LMT produces a single tree containing binary splits on numeric features, multiway splits on categorical ones, and logistic regression models at the leaves, and the algorithm ensures that only relevant features are included in the latter. The produced classifier is not so easy to interpret as a standard decision tree, but much more legible than an ensemble of classifiers or Kernel-based estimators.

In this work, a self-trained LMT algorithm has been proposed. We performed a comparison with other well-known semisupervised learning methods on standard benchmark datasets and the presented technique had better accuracy in most of the tested datasets. Due to the encouraging results obtained from these experiments, one can expect that the proposed technique can be applied to real classification tasks giving slightly better accuracy than the traditional semisupervised approaches.

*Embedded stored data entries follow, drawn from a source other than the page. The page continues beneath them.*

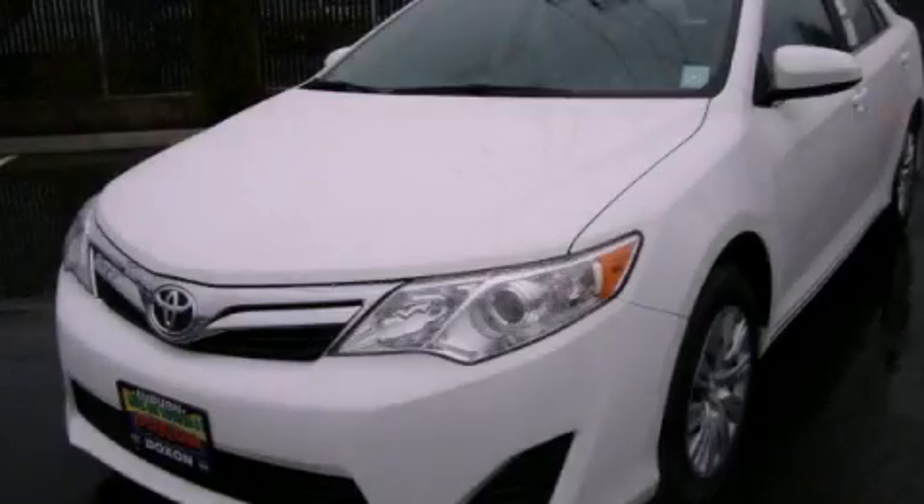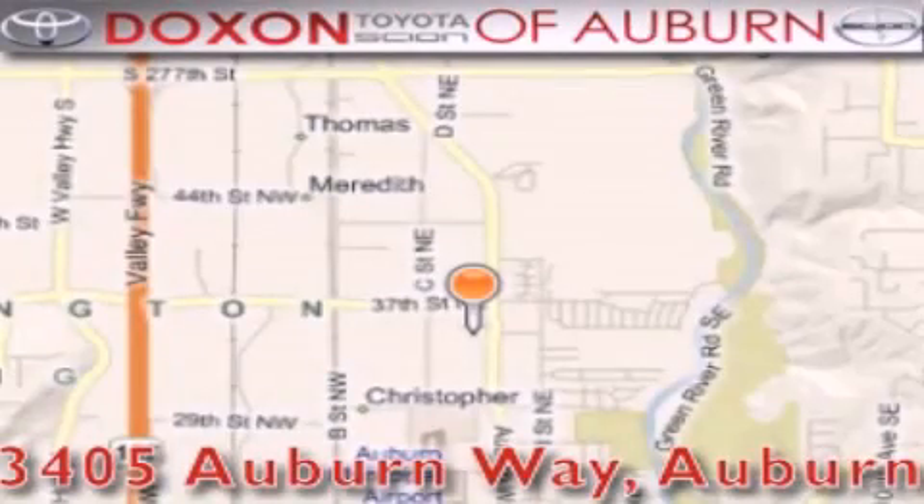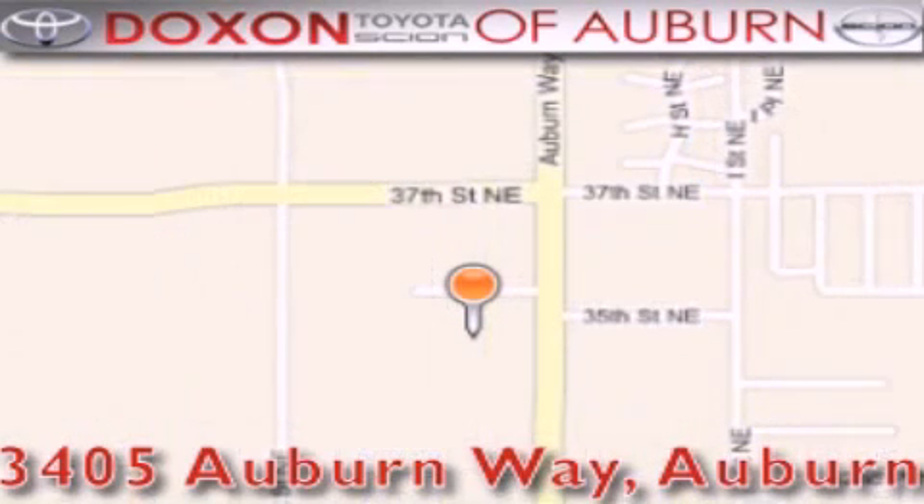We invite you to contact us today to learn more about this vehicle. Dachshund Toyota of Auburn is located at 3405 Auburn Way in Auburn — satisfying customers for over 70 years.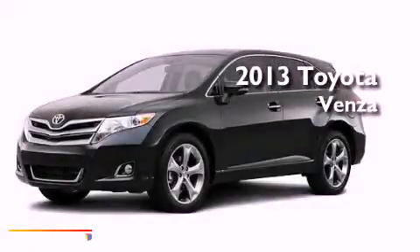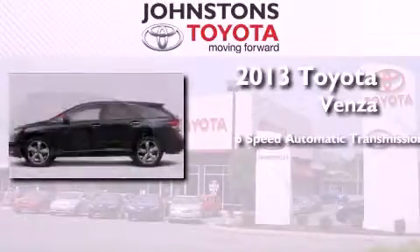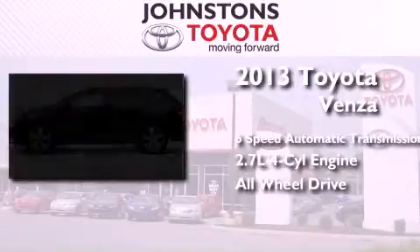This is a brand new 2013 Toyota Venza. This crossover has a 6-speed automatic transmission, an inline 4-cylinder engine, and the added safety and control of all-wheel drive.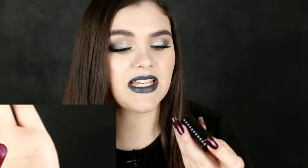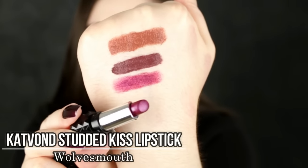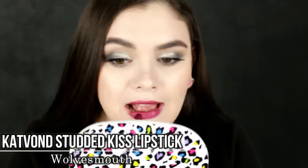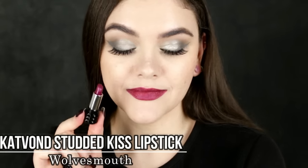My number three pick — I know this might be cheating a little bit since it's from her permanent line — but this is the Kat Von D studded kiss lipstick in the shade Wolf's Mouth. If you guys follow me on Snapchat, you know I've raved about this. I would describe it as a purple berry tone with a beautiful satin shimmer that looks more like a cranberry color. These lipsticks smell like vanilla cupcake batter — amazing. The formula is smooth and comfortable, doesn't dry out your lips. There's just something about this shade that pulls me in. It's like the most beautiful color, perfect for fall.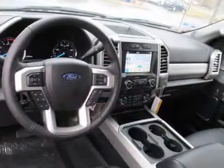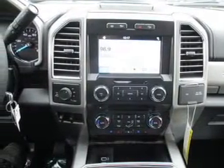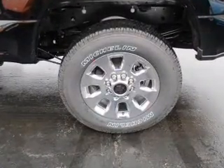The features include tow hitch, brake assist, traction control, stability control, front ventilated disc brakes, daytime running lights, and anti-lock brakes.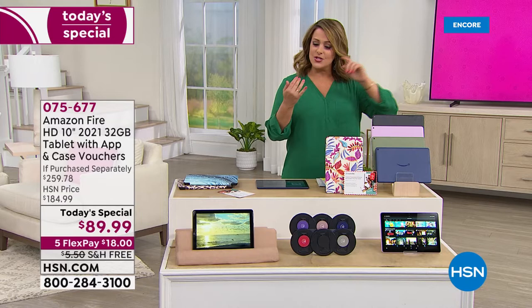Over 6,300 now gone. We just kicked off this Amazon Fire High Definition 10-inch 2021 Today's Special — the latest and the greatest. We've got it for you today at almost half off Amazon's price. We're the lowest price in the nation. It's a one-day offer only. 075-677 is your item number on our finest value of the day. And when we come back, InstaClean is back at HSN — it's not a sexy product, but you need it in your life. Stay with us.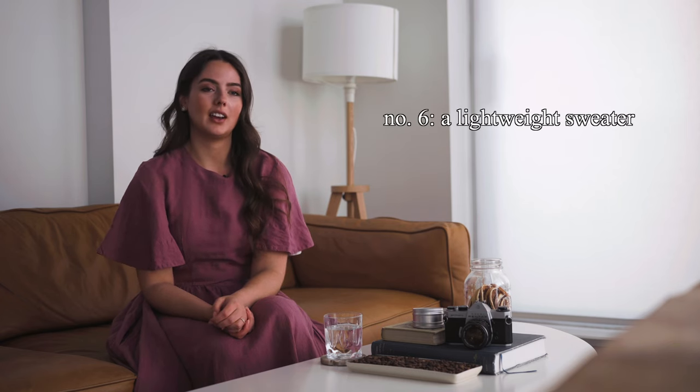Spring in most places can get quite chilly in the early mornings or late evenings, and sometimes there's nothing more perfect to throw on than a lightweight sweater. If you're looking to build a capsule with this list, I would definitely opt for something that could be paired with the trench coat, maybe layered over top of the blouse — throw in the sneakers and skirt, and you have yourself an outfit.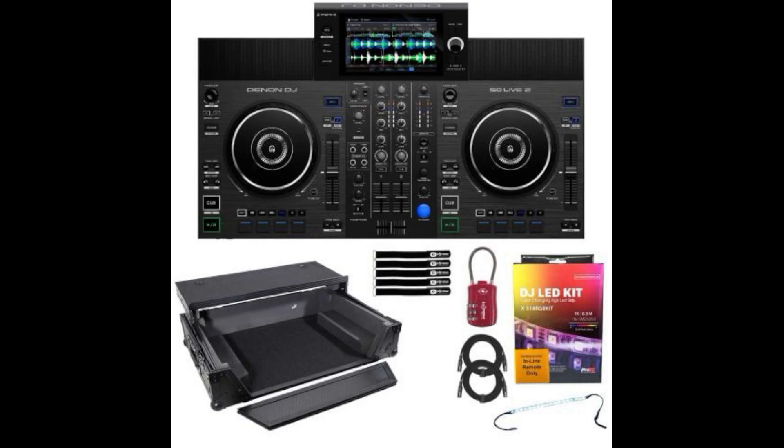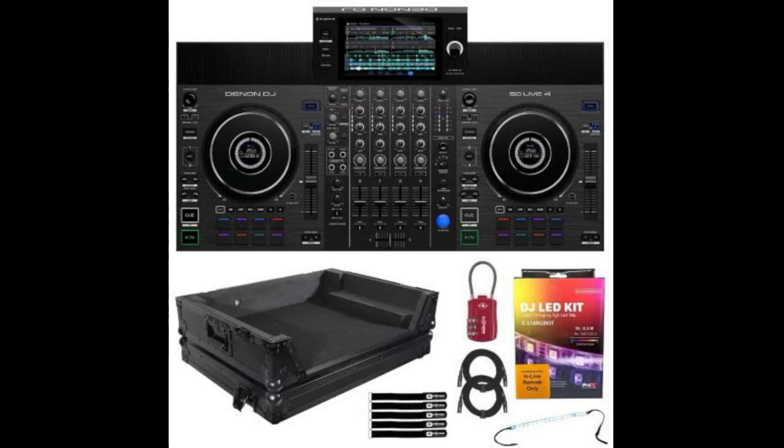These are two new controllers and we're gonna see how good they really are. I think personally — and this is just my opinion — that inMusic, which owns Denon DJ and Numark, has got boxes of parts laying around and decides what they can build without access to new things.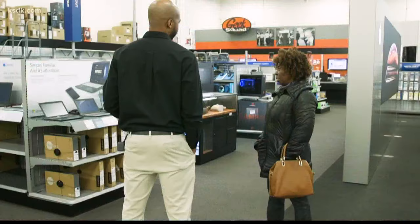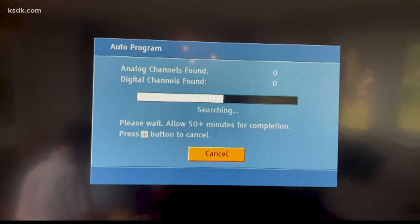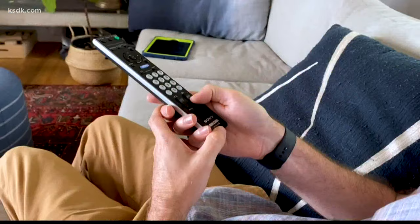Consumer Reports suggests you shop somewhere with free returns and exchanges. As for Chris, he found another benefit to his antenna: a couple years ago when there was a major storm and the cable went out in town for a couple of days, if you had an antenna, you could still watch TV. Michelle Lee, 5 on your side.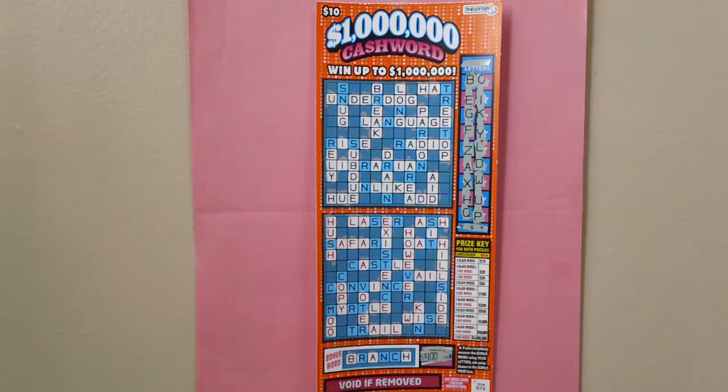I have scratched off all the lottery letters on this lottery ticket. The magic will soon find me. Video brought to you by Lucky Number Channel. Subscribe today.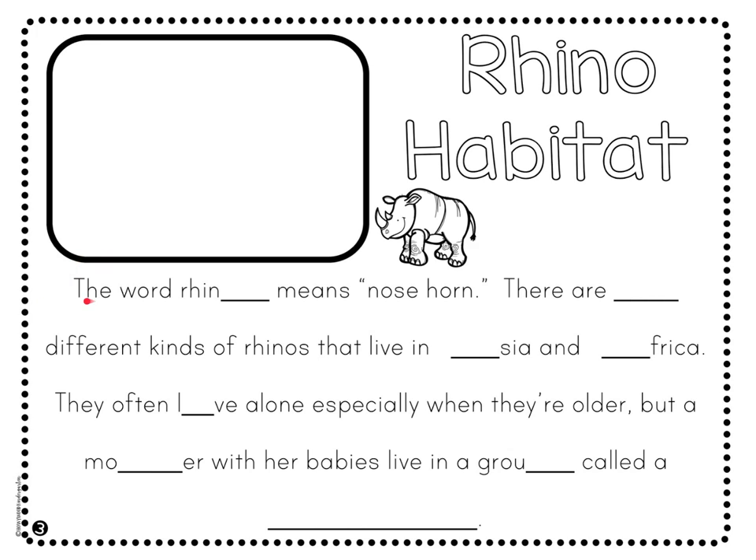Let's begin at the top. I'm going to read aloud to you. As I read, you'll have some blanks to fill in along the way. Then we'll reread the paragraph altogether to make sure we learned all that we can about rhinos and where they live.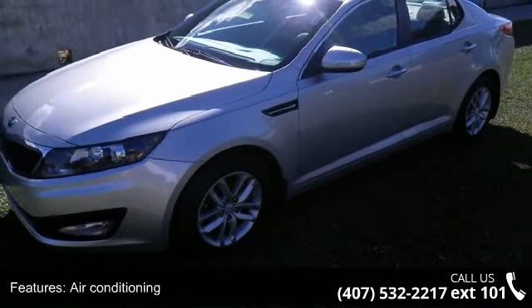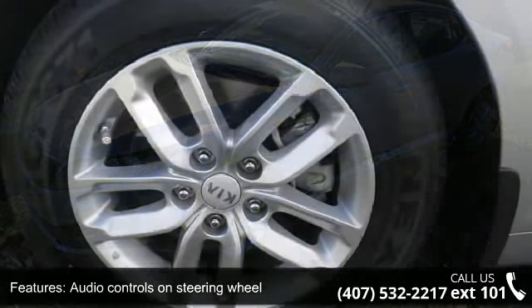This car won't be available much longer. Call now to schedule a test drive at our dealership.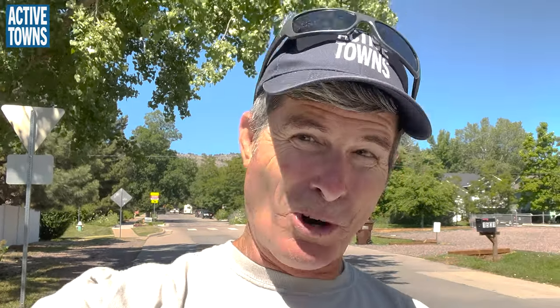Hey everyone, welcome to the Active Towns channel. I'm John Simmerman and I am in Boulder, Colorado today. We're going to be taking a look at some traffic calming strategies, especially in the suburban, rural, slash residential context. You're going to see some streets here without sidewalks and some with, and mechanisms and strategies to try to slow motor vehicle drivers down just a bit and make it a little bit more comfortable for families, all ages and abilities, to be able to walk and bike in the neighborhood. So let's turn this camera off and go for a ride.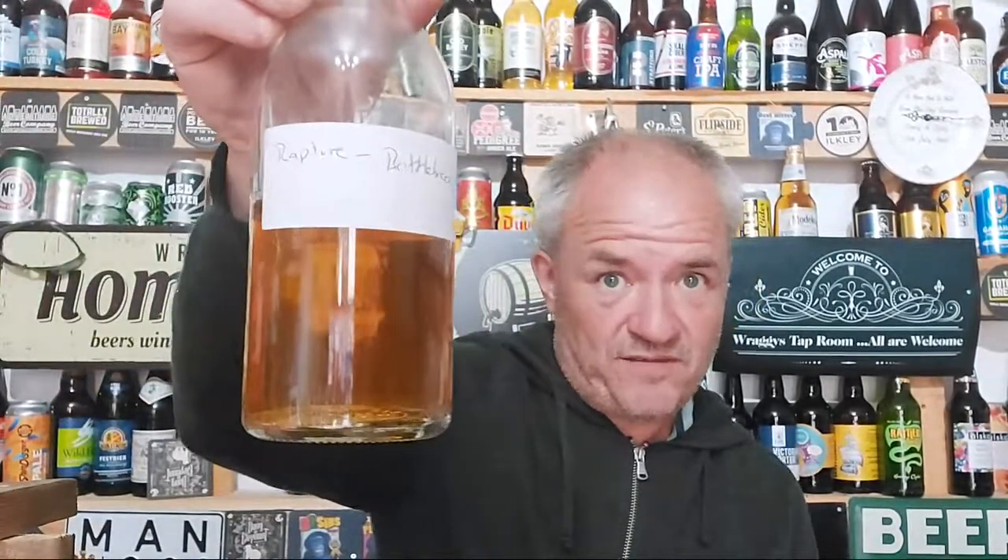Next on the list is Rapture by Bottlebrook. And the good man Vince — Vince Lee, Nottingham Camera — was actually drinking this six hours ago, apparently. He supports his micro pubs, drinking it on cask. Rapture, 5.9%. Can't get any more details about it, to be fair, so I'll try and find some before I review it, which is going to be in the next day.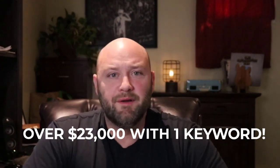If you're looking for the fastest way to make money as an affiliate marketer, watch this video. We're going to talk about how I've made over $23,000 with just one keyword using Google Search Ads as an affiliate marketer. I'm going to show you the metrics you need to understand, all the things you need to consider mathematically, and an example of a keyword that's made over $23,000 so far.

In spite of these results, no general method will work always. The main drawback of the semisupervised schemes is the needed time in the training phase. Some techniques that could enhance this property by saving both valuable operation time and computational resources are the feature selection algorithms which search for a subset of relevant features by removing the less informative of the initial features [46]. Building Logistic Model Trees with the LMT algorithm are orders of magnitude slower than simple tree induction or using model trees for classification. Improving the computational efficiency of the method using feature selection could be an interesting field for further research.


A java software tool implementing the proposed algorithm and some basic run instructions can be found at http://www.math.upatras.gr/~sotos/SelfLMT-Experiment.zip.

Conflict of Interests

The authors declare that there is no conflict of interests regarding the publication of this paper.